Research

Developing an engineering design simulator for risk-related decision making

Jeremy Gernand, assistant professor of environmental health and safety engineering at Penn State, recently received a Gladys Snyder Education Grant from the College of Earth and Mineral Sciences to develop a computer-based simulator to give undergraduate engineering students experience with the risk-related implications of system design decisions. Credit: PexelsAll Rights Reserved.

UNIVERSITY PARK, Pa. — Jeremy Gernand, Penn State assistant professor of environmental health and safety engineering in the John and Willie Leone Family Department of Energy and Mineral Engineering, recently received a Gladys Snyder Education Grant from the College of Earth and Mineral Sciences to develop a computer-based simulator to give undergraduate engineering students experience with the risk-related implications of system design decisions.

In the National Society of Professional Engineer’s Code of Ethics, it says “Engineers shall hold paramount the safety, health and welfare of the public.” Consequences of failed engineered systems could be safety or health impacts on users or workers in addition to harm to the environment and the people who live in those areas.

“This proposal hypothesizes that engineers, like aircraft pilots or nuclear power plant operators, need the experience of a lifelike simulator to develop their intuition about risk and the efficacy of their decisions to mitigate risk. No such simulator currently exists to help train engineering students to calibrate their expectations and gain an intuitive grasp on the meaning of risk in engineered systems. In a professional setting, an engineer’s estimate of risk is believed to be based on experiential learning following the end of formal education. This is problematic as it requires harm or near misses to occur to provide this feedback,” said Gernand,

Gernand said that this research seeks to develop a simulator that will be used as an educational tool to both measure and reduce engineering students’ biases when estimating risk and help them to develop their decision-making skills to help mitigate risks. This virtual experience will help students experience the consequences of their own decision-making. These practice scenarios or games will also help students to enhance their empathic comprehension of the technological risks that may affect workers, users, the public and the environment.
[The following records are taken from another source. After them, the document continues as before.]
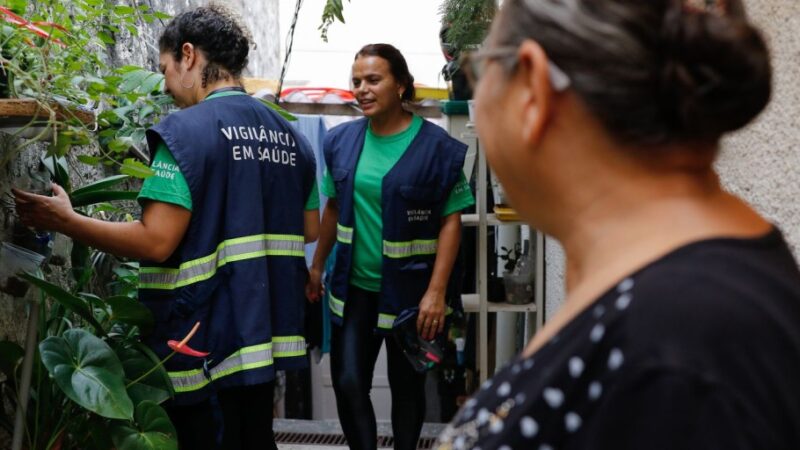 Em um mês, casos de dengue dobram em São Paulo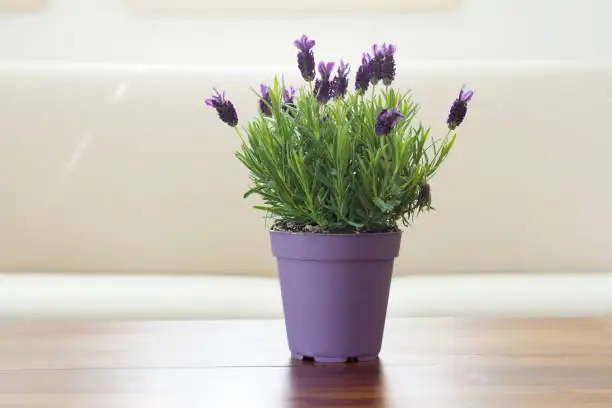 lavender potting mix perlite sand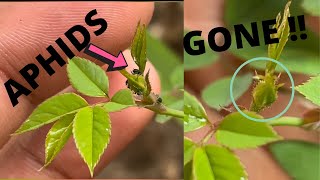 How to Kill Aphids From Rose Plant ! (ORGANIC METHOD)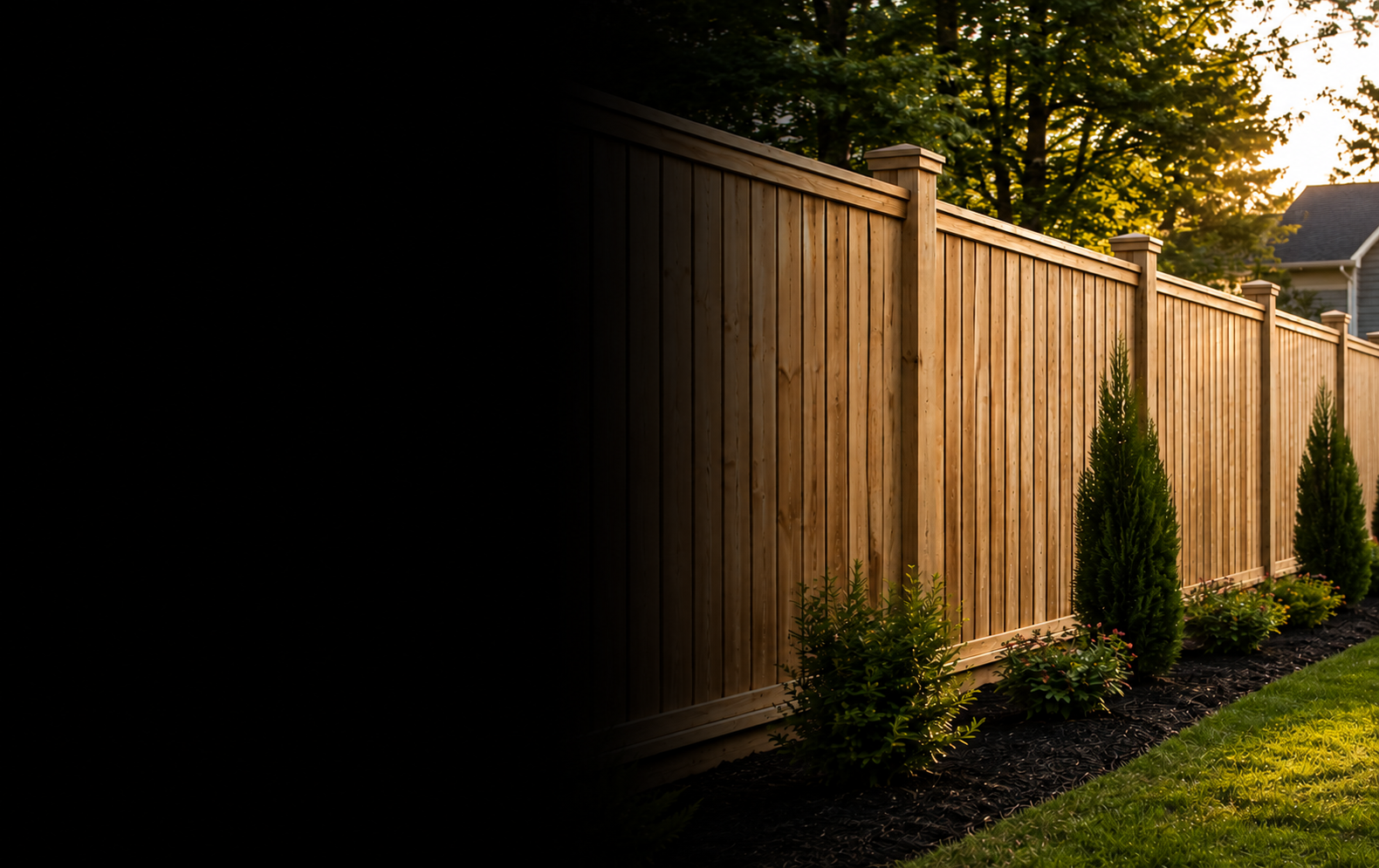 A wooden privacy fence in a backyard at sunset, with small green shrubs and a tree behind the fence.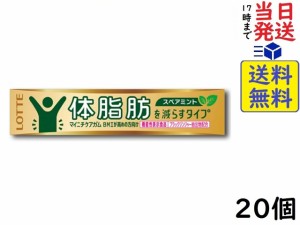 ロッテ マイニチケアガム 体脂肪を減らすタイプ 14粒 ×20個 賞味期限2025/03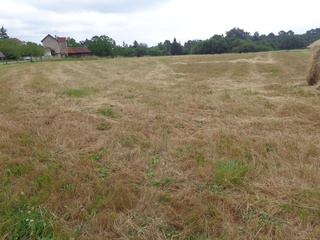 terrain  - 1309m2 à Saint-Géry (24400)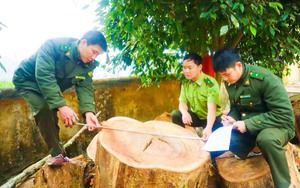 Lai Châu: Tạm giữ gần 15 mét khối gỗ, 1 xe ô tô ở Sìn Hồ
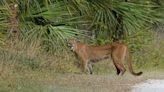How experts are trying to save the Florida panther
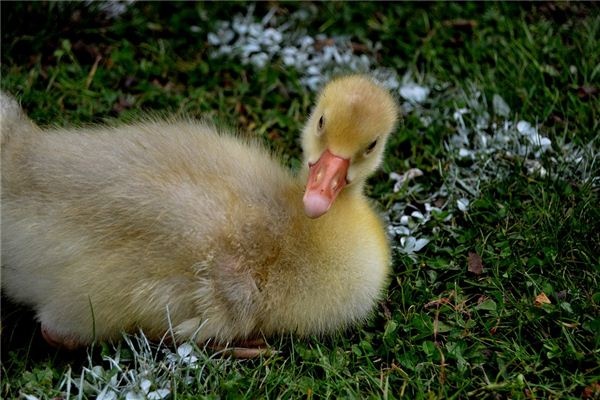 Dreaming of poultry or animals you raise yourself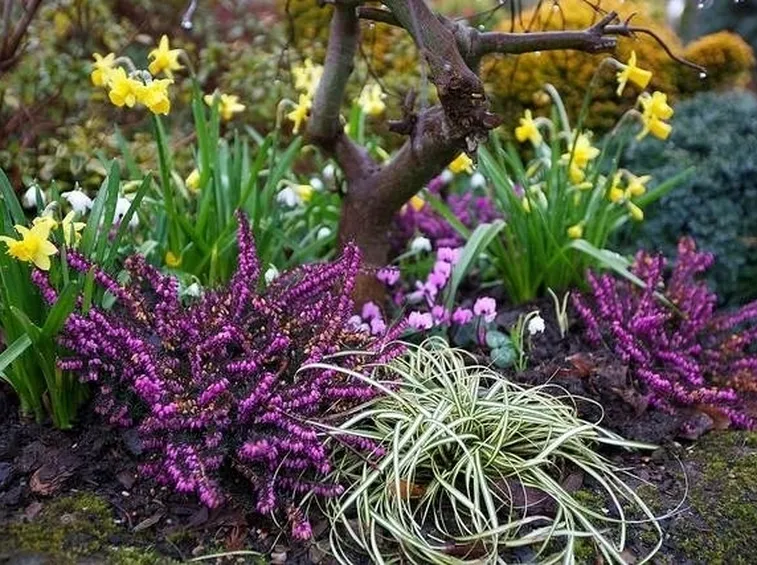 piante per giardino invernale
Currently an undergraduate research assistant is working to develop code for the simulator and will be recruiting test subjects.

“My role is to collect data through a game that simulates a real-life, decision-making process and analyze this data based on my hypothesis about the factors that affect risk-related decision-making,” said Uzoezi Emmanuella Isaac-Onwah, who is majoring in petroleum and natural gas engineering concurrently with a master's degree in energy systems engineering.
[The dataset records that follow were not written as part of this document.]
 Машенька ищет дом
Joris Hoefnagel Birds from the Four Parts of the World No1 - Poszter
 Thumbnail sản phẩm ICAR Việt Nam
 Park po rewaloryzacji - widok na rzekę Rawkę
The development and implementation of this simulator has the potential to transform the way the Engineering Risk Analysis course is taught. Not only will it cover the theory and application of risk analysis techniques, but also give students the experience with the practice of these techniques in actual engineering decision-making.

“I hope that by the end of this project, my research can hopefully be implemented and provide useful information for engineering students,” said Isaac-Onwah.